In this respect, drones are a lot like spies. The ones you're always reading about have a tenuous connection to the intelligence professionals that are sometimes called by that term.
posted by LogicalDash at 12:27 PM on February 20, 2013


I think the confusion about drones or maybe our insistence on referring to them as "drones" rather than Unmanned Aerial Vehicles or UAVs is part of their weaponization.

They are a psychological weapon, too, like Stuka dive bombers were also psychological weapons.

Instead of eagle's talons and screeching sirens, the drone lurks within the veil of secrecy and mystification that obscures its operators and the inscrutable institutions that employ them, seeing but never seen.

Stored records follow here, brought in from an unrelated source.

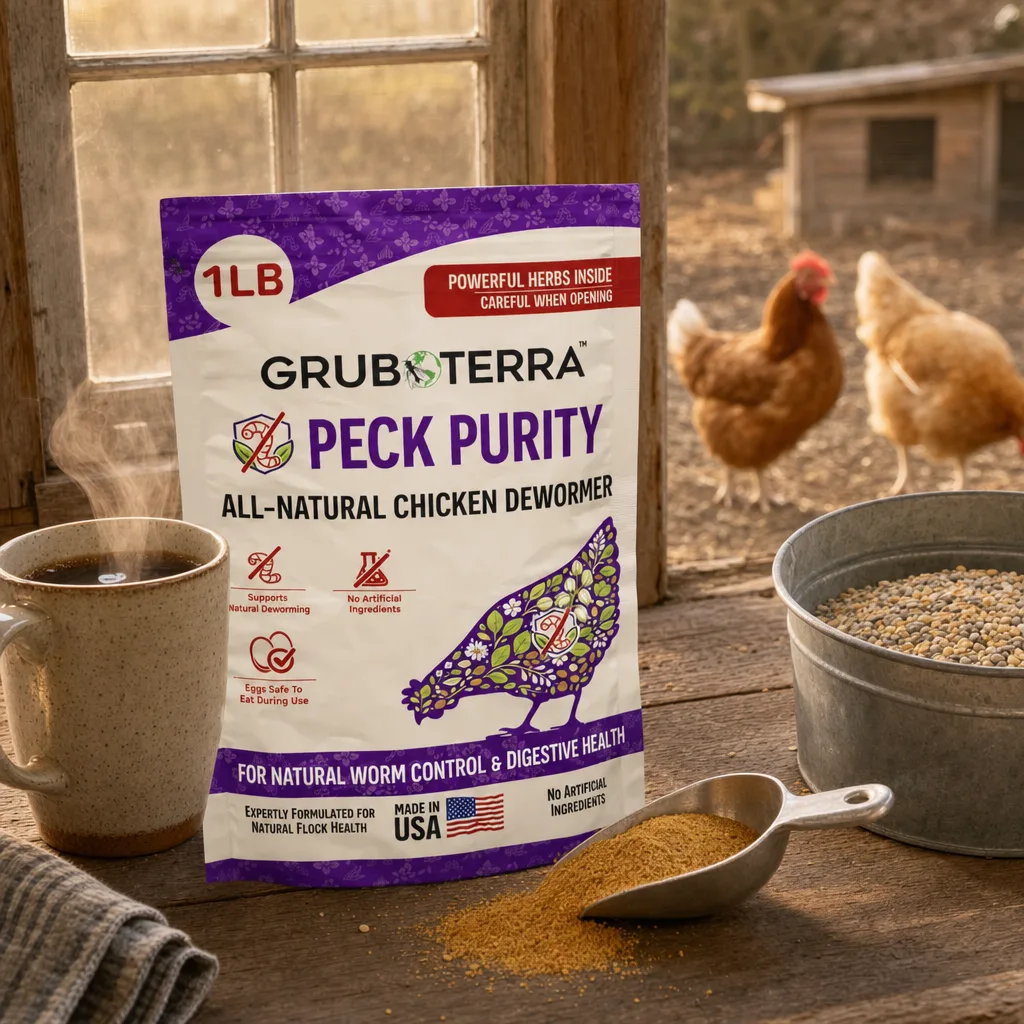 Daily chicken feed routine with Peck Purity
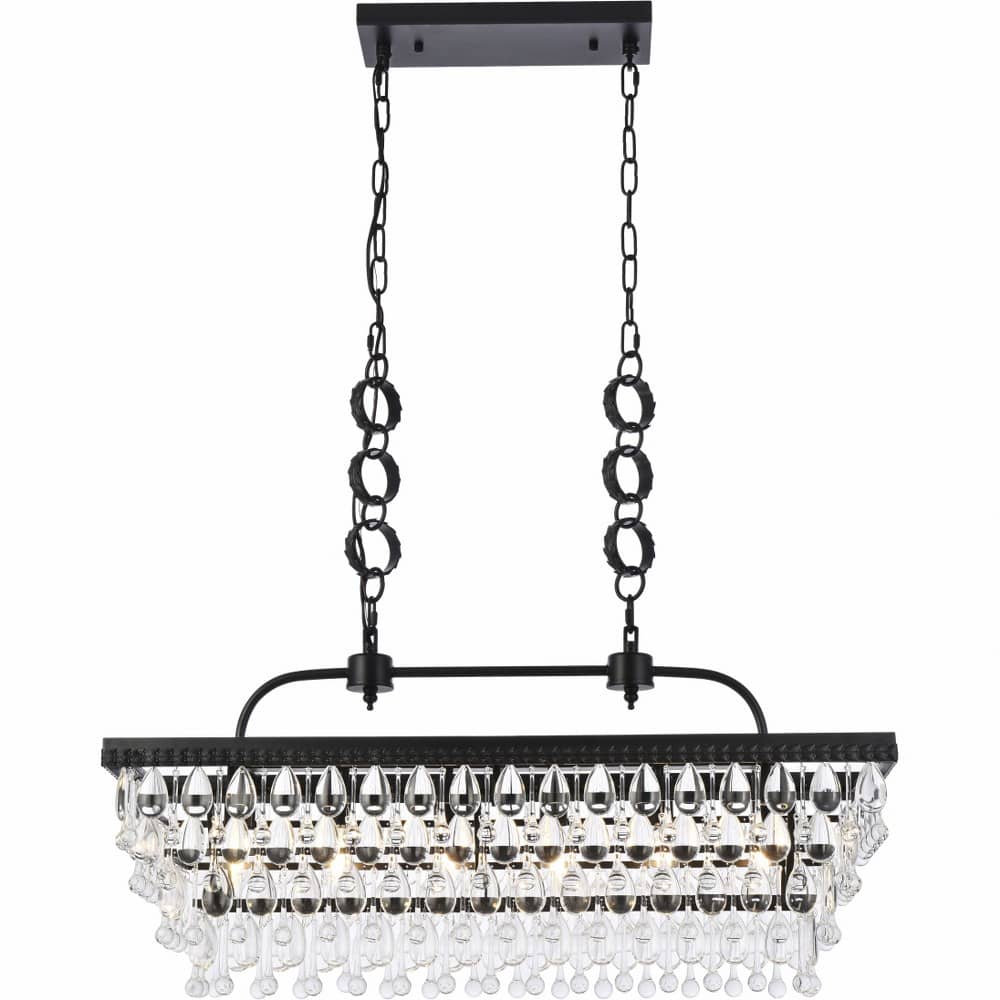 Elegant Lighting Nordic 6 - Light Black Contemporary Incandescent Crystal And Iron Pendant Light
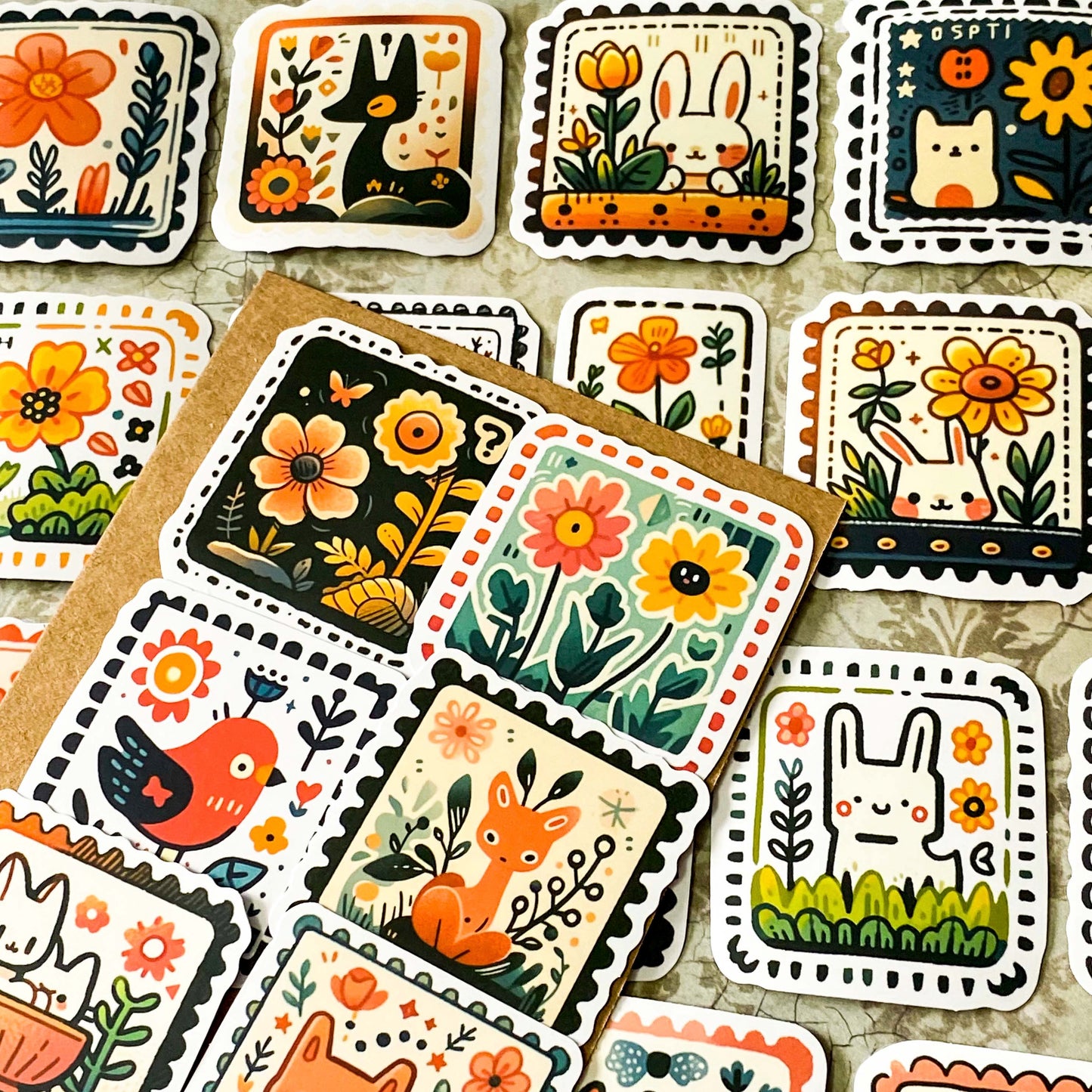 woodland animal sticker set of 50 matte scandi style forest stickers with cute animals including deer, fox and rabbit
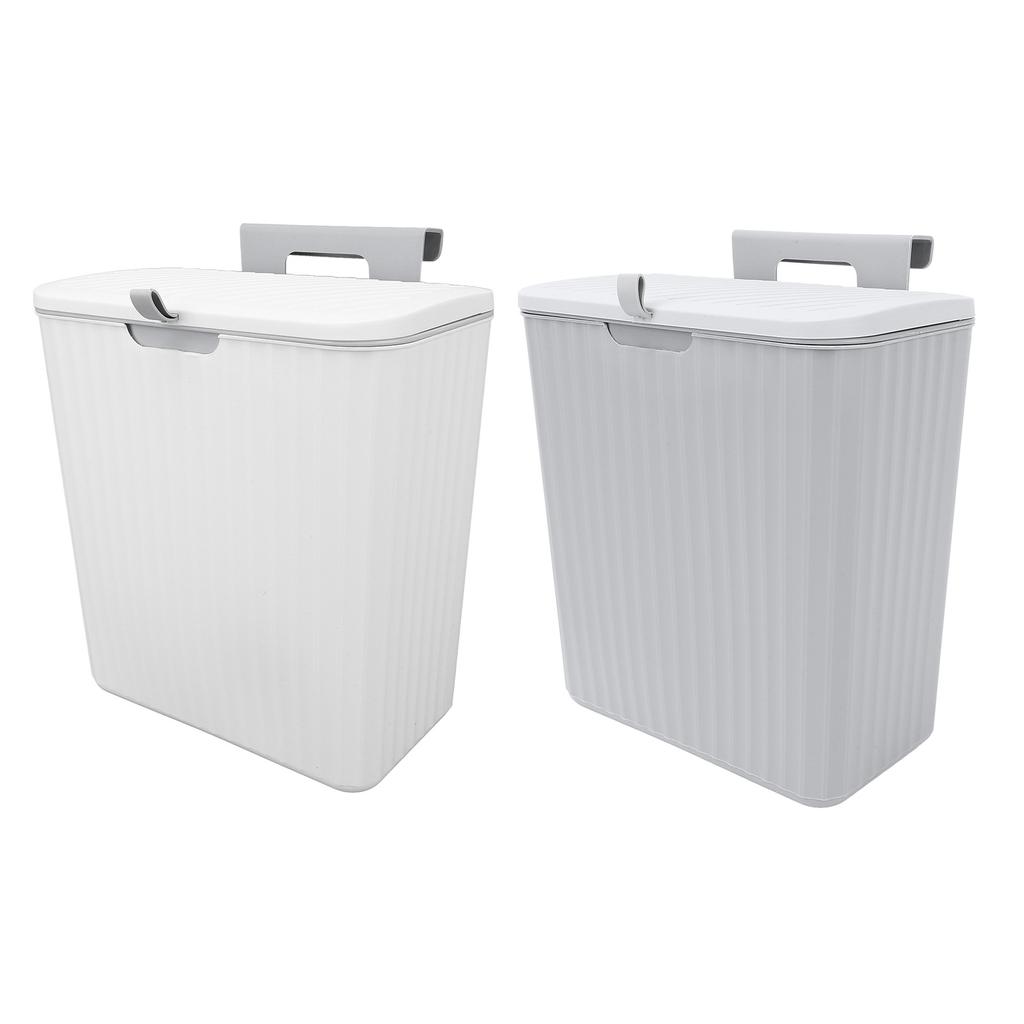 9L Kitchen Trash Can Wall Mounted with Lid Hanging Cabinet Door Trash Can for Kitchen Bathroom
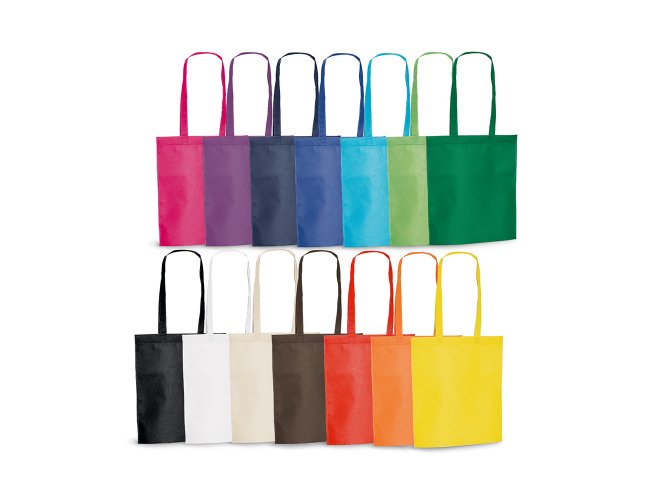 Sacola. Non-woven: 80 g/m. Termo-selado. Alas de 75 cm.     380 x 415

Pull back the curtain and it's a militarized remote control airplane and an air force pilot in a shipping container.
posted by notyou at 12:51 PM on February 20, 2013 [4 favorites]


Didn't Fred Saberhagen cover this rather thoroughly?
posted by Confess, Fletch at 12:53 PM on February 20, 2013 [1 favorite]


Chapter One
Treats of the place where the drone was built,
and of the circumstances attending its manufacture.
Among other public buildings in a certain town, which for many reasons it will be prudent to refrain from mentioning, and to which I will assign no fictitious name, there is one anciently common to most towns, great or small: to wit, a factory; and in this factory was built; on a day and date which I need not trouble myself to repeat, inasmuch as it can be of no possible consequence to the reader, in this stage of the business at all events; the item of machinery whose name is prefixed to the head of this chapter.

For a long time after it was ushered into this world of sorrow and trouble, by the shift foreman, it remained a matter of considerable doubt whether the machine would survive to bear any name at all; in which case it is somewhat more than probable that these memoirs would never have appeared; or, if they had, that being comprised within a couple of pages, they would have possessed the inestimable merit of being the most concise and faithful specimen of biography, extant in the literature of any age or country.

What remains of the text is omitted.